Published on 12:00 AM, May 29, 2019

Clashes in four Brazil jails kill 40

At least 40 inmates were killed in four jails in northern Brazil on Monday over an apparent gang dispute, authorities said, in the latest wave of violence to rock the country's severely overpopulated and deadly prison system.

The victims appeared to have been killed by "asphyxiation," the Amazonas state government said in a statement, a day after 15 people were killed in one of the prisons.

Officials had initially put the number of dead at 42, but later revised the number to 40.

At least 25 of the victims were found in the Antonio Trindade Penal Institute near Manaus, the capital of Amazonas, where all four prisons are located.

No guns or knives were used in the killings, which prison officials said appeared to have been sparked by a "rift between prisoners who belonged to the same criminal group and were involved in drug trafficking in the state."

The federal government has dispatched reinforcements to boost security in the jails.

An investigation launched into Sunday's mass killing at the Anisio Jobim Penal Complex, in which some of the prisoners were stabbed with sharpened toothbrushes during visiting hours, has been widened to include Monday's deaths.

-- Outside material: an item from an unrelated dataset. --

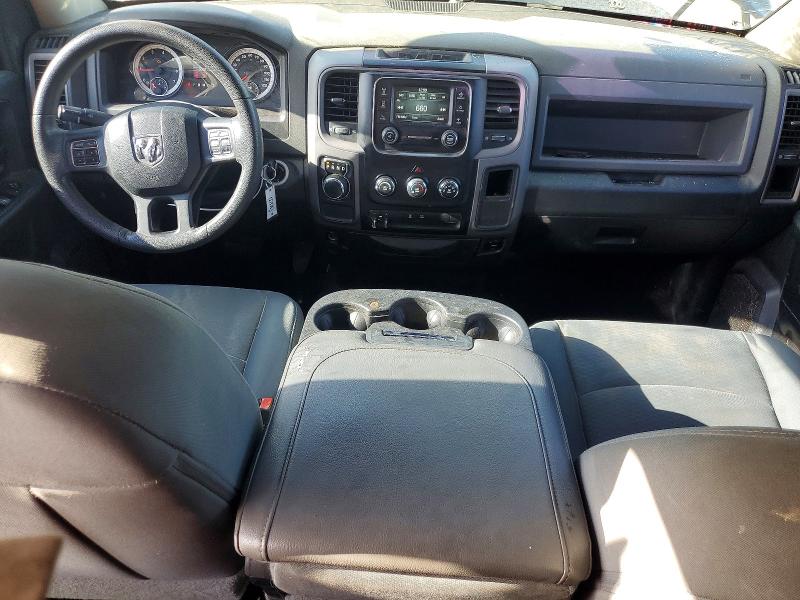 Продажа на аукционе авто 2014 Ram 1500, vin: 1C6RR6FT9ES416939, номер лота: 58552256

Four of those killed in the latest violence were found at the Anisio Jobim jail, which was also the scene of a prison rebellion that lasted almost 20 hours and left 56 people dead in January 2017.

Another five were killed at the Provisional Detention Center for Men and six died at the Puraquequara Prison Unit.

"The fact that the killings were coordinated across four separate prisons... suggests that this was a settling of scores," Robert Muggah, research director at the Igarape Institute think tank in Rio de Janeiro, told AFP.